Assignment:
In full and without alteration, copy the listing.

::: Data section

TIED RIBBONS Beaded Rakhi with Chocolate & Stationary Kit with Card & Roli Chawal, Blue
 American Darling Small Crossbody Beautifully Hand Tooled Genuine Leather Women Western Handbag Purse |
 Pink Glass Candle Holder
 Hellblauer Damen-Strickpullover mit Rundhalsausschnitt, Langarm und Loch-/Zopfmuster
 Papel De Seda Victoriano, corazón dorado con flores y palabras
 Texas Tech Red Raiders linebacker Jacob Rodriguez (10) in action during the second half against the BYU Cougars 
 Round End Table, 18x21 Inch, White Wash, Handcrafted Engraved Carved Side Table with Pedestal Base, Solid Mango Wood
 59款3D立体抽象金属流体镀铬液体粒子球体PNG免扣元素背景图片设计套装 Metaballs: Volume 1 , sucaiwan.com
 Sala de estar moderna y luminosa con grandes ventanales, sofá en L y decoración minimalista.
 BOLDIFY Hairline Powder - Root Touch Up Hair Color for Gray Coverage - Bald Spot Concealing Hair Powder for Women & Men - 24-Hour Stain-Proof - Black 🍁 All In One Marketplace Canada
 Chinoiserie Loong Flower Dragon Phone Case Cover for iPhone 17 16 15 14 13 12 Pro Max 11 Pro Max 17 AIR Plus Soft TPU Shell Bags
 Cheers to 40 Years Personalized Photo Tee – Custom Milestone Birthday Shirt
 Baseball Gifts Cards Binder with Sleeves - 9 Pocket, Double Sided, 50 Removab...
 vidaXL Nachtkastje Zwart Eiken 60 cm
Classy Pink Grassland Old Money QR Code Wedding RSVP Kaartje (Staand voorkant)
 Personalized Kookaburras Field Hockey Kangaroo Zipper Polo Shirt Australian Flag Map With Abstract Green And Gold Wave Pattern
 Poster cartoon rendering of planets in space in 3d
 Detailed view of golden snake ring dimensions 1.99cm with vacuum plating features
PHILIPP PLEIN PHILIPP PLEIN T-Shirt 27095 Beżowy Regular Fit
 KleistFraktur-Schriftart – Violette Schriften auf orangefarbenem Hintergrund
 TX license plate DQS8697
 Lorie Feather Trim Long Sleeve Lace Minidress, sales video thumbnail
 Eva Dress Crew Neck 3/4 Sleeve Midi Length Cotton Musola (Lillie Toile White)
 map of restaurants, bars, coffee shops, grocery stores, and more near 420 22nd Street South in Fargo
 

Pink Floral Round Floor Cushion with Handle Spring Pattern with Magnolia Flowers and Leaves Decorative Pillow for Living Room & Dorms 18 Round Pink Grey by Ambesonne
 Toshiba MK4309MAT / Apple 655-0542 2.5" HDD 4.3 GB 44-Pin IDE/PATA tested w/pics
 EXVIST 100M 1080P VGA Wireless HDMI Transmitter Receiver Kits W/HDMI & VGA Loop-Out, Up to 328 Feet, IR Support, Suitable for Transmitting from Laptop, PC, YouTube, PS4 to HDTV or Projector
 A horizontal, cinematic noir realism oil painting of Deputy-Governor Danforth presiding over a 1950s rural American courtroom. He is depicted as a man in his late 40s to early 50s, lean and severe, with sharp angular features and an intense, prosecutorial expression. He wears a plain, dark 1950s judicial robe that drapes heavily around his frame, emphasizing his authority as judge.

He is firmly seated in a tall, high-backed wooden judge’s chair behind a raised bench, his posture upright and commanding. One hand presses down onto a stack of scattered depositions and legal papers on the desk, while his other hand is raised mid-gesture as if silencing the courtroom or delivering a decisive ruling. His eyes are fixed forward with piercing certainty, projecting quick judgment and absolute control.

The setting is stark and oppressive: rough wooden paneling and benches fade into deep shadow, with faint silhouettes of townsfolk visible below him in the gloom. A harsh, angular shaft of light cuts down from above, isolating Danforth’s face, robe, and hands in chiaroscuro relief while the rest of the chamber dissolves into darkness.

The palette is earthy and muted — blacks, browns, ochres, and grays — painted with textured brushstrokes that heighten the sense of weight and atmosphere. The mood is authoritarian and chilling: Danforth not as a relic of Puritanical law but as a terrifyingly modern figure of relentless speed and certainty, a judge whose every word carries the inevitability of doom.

::::::

Your solution:
TIED RIBBONS Beaded Rakhi with Chocolate & Stationary Kit with Card & Roli Chawal, Blue
 American Darling Small Crossbody Beautifully Hand Tooled Genuine Leather Women Western Handbag Purse |
 Pink Glass Candle Holder
 Hellblauer Damen-Strickpullover mit Rundhalsausschnitt, Langarm und Loch-/Zopfmuster
 Papel De Seda Victoriano, corazón dorado con flores y palabras
 Texas Tech Red Raiders linebacker Jacob Rodriguez (10) in action during the second half against the BYU Cougars 
 Round End Table, 18x21 Inch, White Wash, Handcrafted Engraved Carved Side Table with Pedestal Base, Solid Mango Wood
 59款3D立体抽象金属流体镀铬液体粒子球体PNG免扣元素背景图片设计套装 Metaballs: Volume 1 , sucaiwan.com
 Sala de estar moderna y luminosa con grandes ventanales, sofá en L y decoración minimalista.
 BOLDIFY Hairline Powder - Root Touch Up Hair Color for Gray Coverage - Bald Spot Concealing Hair Powder for Women & Men - 24-Hour Stain-Proof - Black 🍁 All In One Marketplace Canada
 Chinoiserie Loong Flower Dragon Phone Case Cover for iPhone 17 16 15 14 13 12 Pro Max 11 Pro Max 17 AIR Plus Soft TPU Shell Bags
 Cheers to 40 Years Personalized Photo Tee – Custom Milestone Birthday Shirt
 Baseball Gifts Cards Binder with Sleeves - 9 Pocket, Double Sided, 50 Removab...
 vidaXL Nachtkastje Zwart Eiken 60 cm
Classy Pink Grassland Old Money QR Code Wedding RSVP Kaartje (Staand voorkant)
 Personalized Kookaburras Field Hockey Kangaroo Zipper Polo Shirt Australian Flag Map With Abstract Green And Gold Wave Pattern
 Poster cartoon rendering of planets in space in 3d
 Detailed view of golden snake ring dimensions 1.99cm with vacuum plating features
PHILIPP PLEIN PHILIPP PLEIN T-Shirt 27095 Beżowy Regular Fit
 KleistFraktur-Schriftart – Violette Schriften auf orangefarbenem Hintergrund
 TX license plate DQS8697
 Lorie Feather Trim Long Sleeve Lace Minidress, sales video thumbnail
 Eva Dress Crew Neck 3/4 Sleeve Midi Length Cotton Musola (Lillie Toile White)
 map of restaurants, bars, coffee shops, grocery stores, and more near 420 22nd Street South in Fargo
 

Pink Floral Round Floor Cushion with Handle Spring Pattern with Magnolia Flowers and Leaves Decorative Pillow for Living Room & Dorms 18 Round Pink Grey by Ambesonne
 Toshiba MK4309MAT / Apple 655-0542 2.5" HDD 4.3 GB 44-Pin IDE/PATA tested w/pics
 EXVIST 100M 1080P VGA Wireless HDMI Transmitter Receiver Kits W/HDMI & VGA Loop-Out, Up to 328 Feet, IR Support, Suitable for Transmitting from Laptop, PC, YouTube, PS4 to HDTV or Projector
 A horizontal, cinematic noir realism oil painting of Deputy-Governor Danforth presiding over a 1950s rural American courtroom. He is depicted as a man in his late 40s to early 50s, lean and severe, with sharp angular features and an intense, prosecutorial expression. He wears a plain, dark 1950s judicial robe that drapes heavily around his frame, emphasizing his authority as judge.

He is firmly seated in a tall, high-backed wooden judge’s chair behind a raised bench, his posture upright and commanding. One hand presses down onto a stack of scattered depositions and legal papers on the desk, while his other hand is raised mid-gesture as if silencing the courtroom or delivering a decisive ruling. His eyes are fixed forward with piercing certainty, projecting quick judgment and absolute control.

The setting is stark and oppressive: rough wooden paneling and benches fade into deep shadow, with faint silhouettes of townsfolk visible below him in the gloom. A harsh, angular shaft of light cuts down from above, isolating Danforth’s face, robe, and hands in chiaroscuro relief while the rest of the chamber dissolves into darkness.

The palette is earthy and muted — blacks, browns, ochres, and grays — painted with textured brushstrokes that heighten the sense of weight and atmosphere. The mood is authoritarian and chilling: Danforth not as a relic of Puritanical law but as a terrifyingly modern figure of relentless speed and certainty, a judge whose every word carries the inevitability of doom.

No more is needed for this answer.